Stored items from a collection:
━━━━━━

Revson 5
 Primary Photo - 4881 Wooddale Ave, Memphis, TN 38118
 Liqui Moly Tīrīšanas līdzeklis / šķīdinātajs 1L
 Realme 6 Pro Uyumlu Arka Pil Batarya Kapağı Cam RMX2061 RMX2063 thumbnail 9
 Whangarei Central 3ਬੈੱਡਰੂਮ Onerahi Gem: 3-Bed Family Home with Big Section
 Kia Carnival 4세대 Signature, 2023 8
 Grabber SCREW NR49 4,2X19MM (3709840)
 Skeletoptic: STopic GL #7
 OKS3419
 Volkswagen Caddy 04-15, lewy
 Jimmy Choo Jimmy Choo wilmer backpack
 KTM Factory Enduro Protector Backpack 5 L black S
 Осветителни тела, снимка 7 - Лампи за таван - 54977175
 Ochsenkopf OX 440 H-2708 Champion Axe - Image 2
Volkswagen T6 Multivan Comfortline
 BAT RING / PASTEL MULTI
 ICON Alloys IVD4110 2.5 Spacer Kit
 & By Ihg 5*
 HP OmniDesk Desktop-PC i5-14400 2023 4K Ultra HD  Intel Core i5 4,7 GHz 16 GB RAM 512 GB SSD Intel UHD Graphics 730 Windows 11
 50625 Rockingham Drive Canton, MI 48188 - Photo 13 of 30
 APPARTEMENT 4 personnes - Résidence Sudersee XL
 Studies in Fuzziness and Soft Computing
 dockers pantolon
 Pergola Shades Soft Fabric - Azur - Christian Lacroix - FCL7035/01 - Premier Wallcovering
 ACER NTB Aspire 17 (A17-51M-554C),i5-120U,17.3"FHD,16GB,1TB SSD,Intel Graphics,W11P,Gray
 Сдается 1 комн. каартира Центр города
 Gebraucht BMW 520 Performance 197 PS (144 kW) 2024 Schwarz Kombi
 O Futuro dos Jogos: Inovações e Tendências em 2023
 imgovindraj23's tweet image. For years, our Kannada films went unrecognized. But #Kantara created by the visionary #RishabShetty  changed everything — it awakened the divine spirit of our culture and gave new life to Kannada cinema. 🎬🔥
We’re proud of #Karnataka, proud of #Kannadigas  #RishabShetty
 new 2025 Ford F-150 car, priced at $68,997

━━━━━━

In the records above, find the lines holding "Intel". Copy each one.

[Exercise response]:
 HP OmniDesk Desktop-PC i5-14400 2023 4K Ultra HD  Intel Core i5 4,7 GHz 16 GB RAM 512 GB SSD Intel UHD Graphics 730 Windows 11
 ACER NTB Aspire 17 (A17-51M-554C),i5-120U,17.3"FHD,16GB,1TB SSD,Intel Graphics,W11P,Gray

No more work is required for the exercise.